From the course: Brad Feld on Raising Capital

Avoiding spam

- While the invention and proliferation of email has made communication between entrepreneurs and investors much easier and much faster, there's also a lot of dangers to it. Imagine being on the receiving end of the following email. Dear Mr. Investor, colon: Generic, generic, generic, generic, generic, generic, generic, generic, generic, generic, generic, End. You'd think, oh, come on, nobody would ever send an email like that to an investor where it literally doesn't say Dear Brad, it says Dear Mr. Investor because they didn't get the mail merge quite right on that email list that they were sending out to 50 or a hundred investors. Or how about that email that says Dear Joe when it's meant to be to Dear Brad? Don't send out spam. Don't send out bulk emails to investors.

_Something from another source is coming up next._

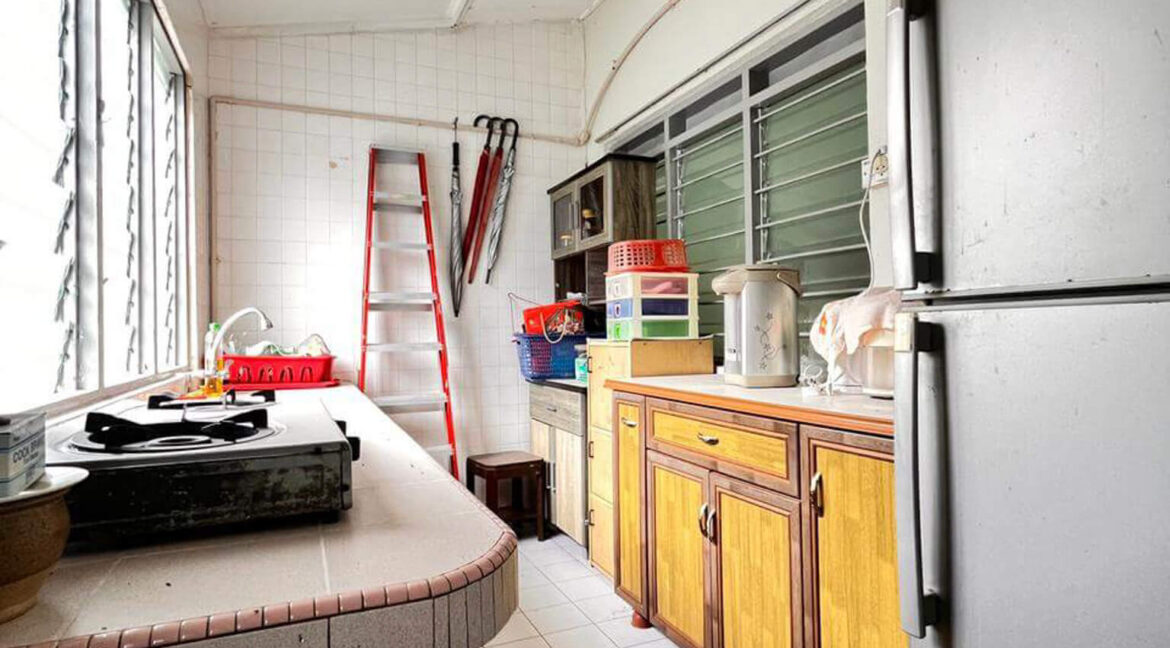 rumah-low-cost-untuk-dijual-di-taman-desa-aman-ipoh-19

In fact, in some ways, view each investor communication as something unique and be really deliberate about how you're making that first interaction with the investor so that you don't get tangled up in the threads of today's modern email systems where if they all have the same subject line, you send something out to a bunch of people, all of a sudden you've go this massively threaded thing. Use the technology as a tool, but recognize that you're still trying to develop a relationship with each individual investor rather than viewing them as a generic audience that you're going after. Now, it may seem a little pedantic to say how you should use email, but it's amazing to me the number of entrepreneurs that while fundraising has elements of sales process in it, literally don't think about the difference between a high touch sales process where you're really doing something individualized with each potential person that you're going after versus a high volume sales process where you're just hoping somebody will respond so that you can then engage with them. So take it seriously from that perspective and don't spam your investors.